Bereits um Ostern wurde der Digitalpakt besiegelt. Der Bund kann den Ländern nun geplante fünf Milliarden Euro für digitale Geräte und
Lernprogramme zahlen, obwohl er für Schulen nicht zuständig ist. Das Geld soll etwa in WLAN, interaktive Tafeln und Laptops gesteckt werden.
Die Grundsteuerreform, vor drei Wochen verabschiedet, war eines der schwierigsten Vorhaben: Das neue Modell sieht vor, dass der Wert des Bodens und die durchschnittliche Miete bei der Berechnung der Grundsteuer eine maßgebliche Rolle spielen. Nach einer Öffnungsklausel können die Länder auf Drängen Bayerns aber auch eigene Regeln beschließen.

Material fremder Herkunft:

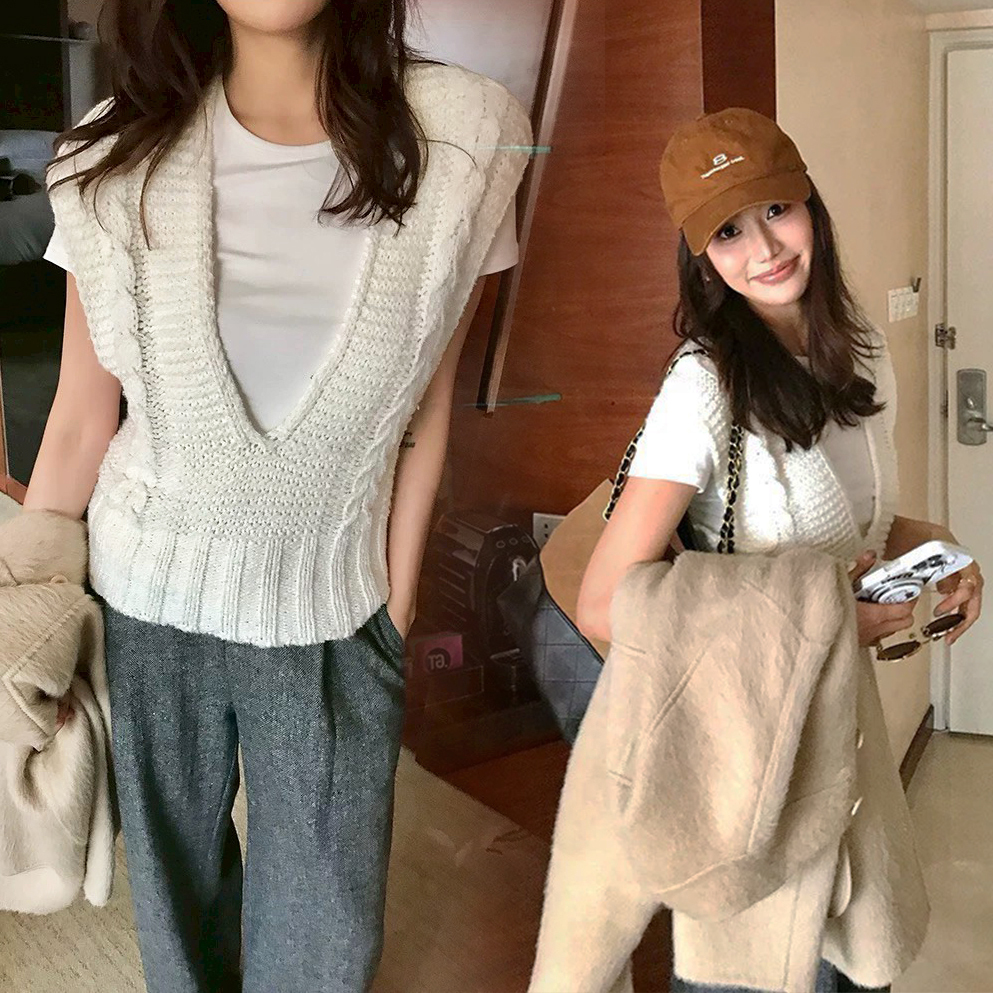 雲朵白雙麻花拼接針織V領背心上衣-S-XL (Elegant & Love)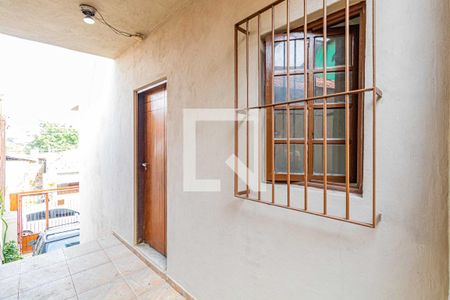 Casa à venda com 220m², 3 quartos e 3 vagas Casa à venda com 220m², 3 quartos e 3 vagasCorredor lateral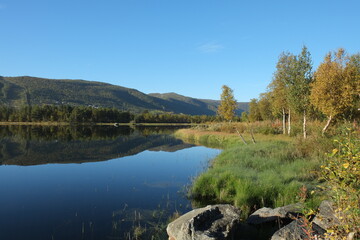 Fototapeta na wymiar Lake and mountains at Geilo, Norway
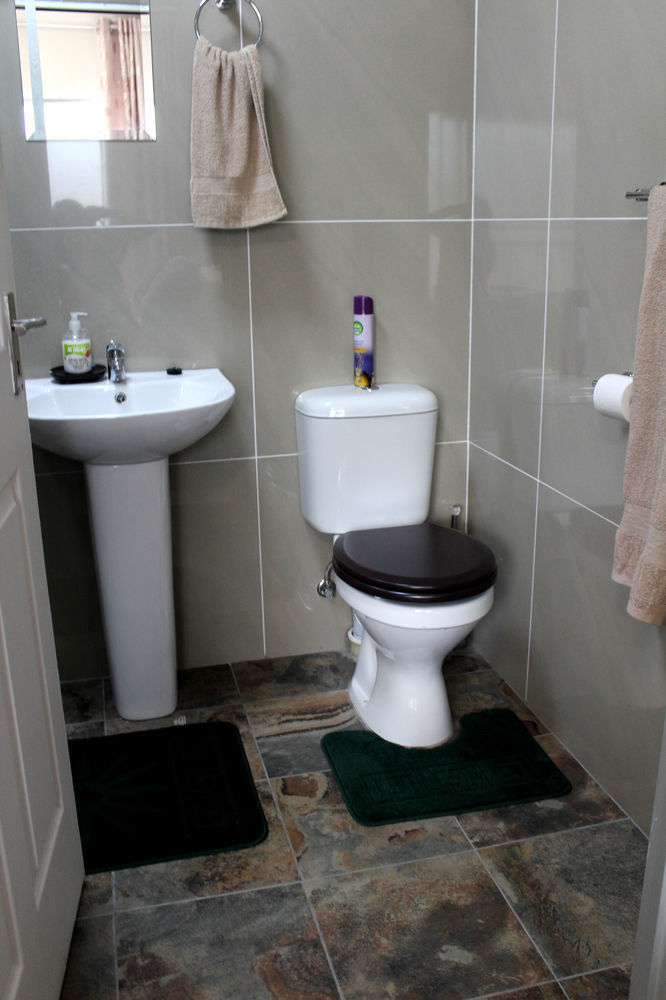 2 Op Terblanche Guesthouse Boksburg Esterno foto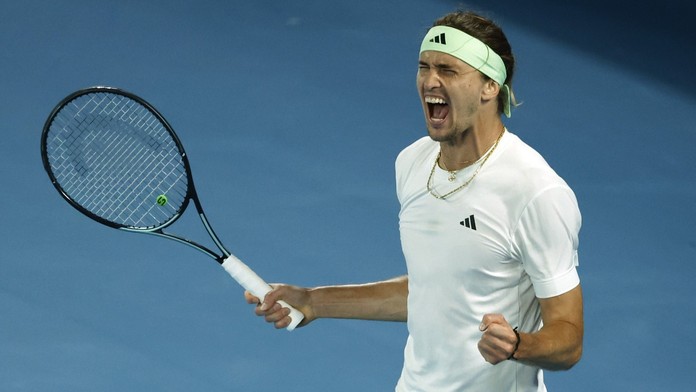 Alexander Zverev slaví výhru proti Carlosi Alcarazovi na Australian Open 2024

Der Solidaritätszuschlag wird 2021 abgeschafft. Das Gesetz war gerade in erster Lesung im Bundestag. Künftig sollen Singles mit Einkommen bis 73 000 Euro Jahreseinkommen brutto und Ehepaare mit bis zu 151 000 Jahreseinkommen vom Soli verschont bleiben. Nur die reichsten 3,5 Prozent der Steuerzahler sollen weiterhin den Soli entrichten.
Gesundheitsminister Jens Spahn hat ein Pflege-Sofortprogramm auf den Weg gebracht und sich gemeinsam mit seinen SPD-Kollegen Hubertus Heil und Franziska Giffey für bessere Löhne in den Heimen stark gemacht.

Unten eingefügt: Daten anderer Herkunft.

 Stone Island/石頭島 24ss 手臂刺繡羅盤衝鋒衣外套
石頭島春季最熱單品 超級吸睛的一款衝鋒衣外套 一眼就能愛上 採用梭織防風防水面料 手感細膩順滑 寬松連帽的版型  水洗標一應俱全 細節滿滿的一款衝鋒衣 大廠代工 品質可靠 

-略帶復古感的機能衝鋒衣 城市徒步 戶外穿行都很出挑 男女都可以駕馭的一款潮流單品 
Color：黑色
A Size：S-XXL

Das Pflegepersonalstärkungsgesetz sieht vor, dass in der vollstationären Altenpflege 13 000 zusätzliche Stellen geschaffen werden können. Das Geld ist da, doch die Pflegekräfte fehlen. Hier startete der Gesundheitsminister Anwerbeaktionen auf den Philippinen, im Kosovo und jüngst in Mexiko.

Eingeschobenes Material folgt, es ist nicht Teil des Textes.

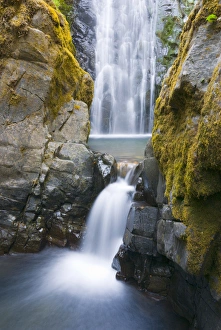 Images Dated 17th September 2006: Susan Creek Falls, Umpqua National Forest, Oregon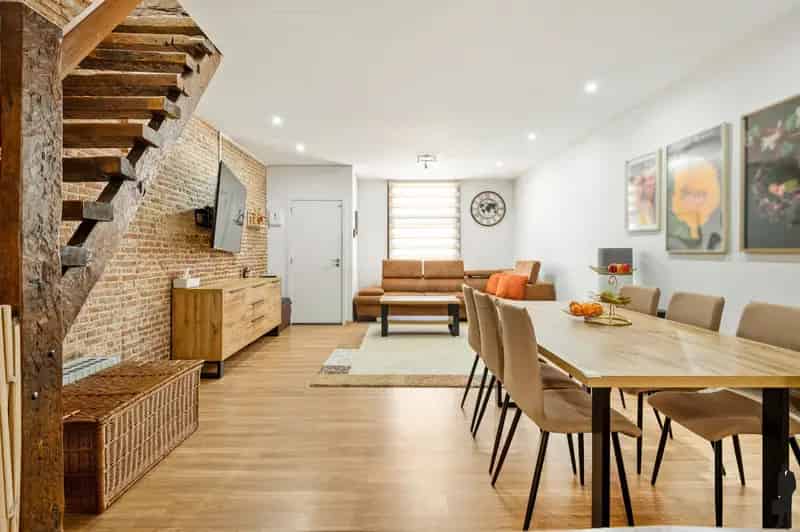 Huis te huur te Gravenwezel: Instapklare woning met tuin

Obwohl 33 von 73 Vorhaben aus dem Wahlprogramm der SPD umgesetzt wurden ( und nur 14 von 32 bei der CDU) ist besonders die SPD noch unzufrieden. Für sie spielt die Grundrente eine alles überlagernde Rolle. Die GroKo-Gegner in der SPD haben die Überprüfung des Koalitionsvertrags zu einer Entscheidung über den Fortbestand der Großen Koalition umfunktioniert. „Zur Mitte der Legislaturperiode wird eine Bestandsaufnahme des Koalitionsvertrages erfolgen, inwieweit dessen Bestimmungen umgesetzt wurden oder aufgrund aktueller Entwicklungen neue Vorhaben vereinbart werden müssen“, das war der letzte Satz des Koalitionsvertrags. Von Aufkündigung der GroKo stand dort nichts.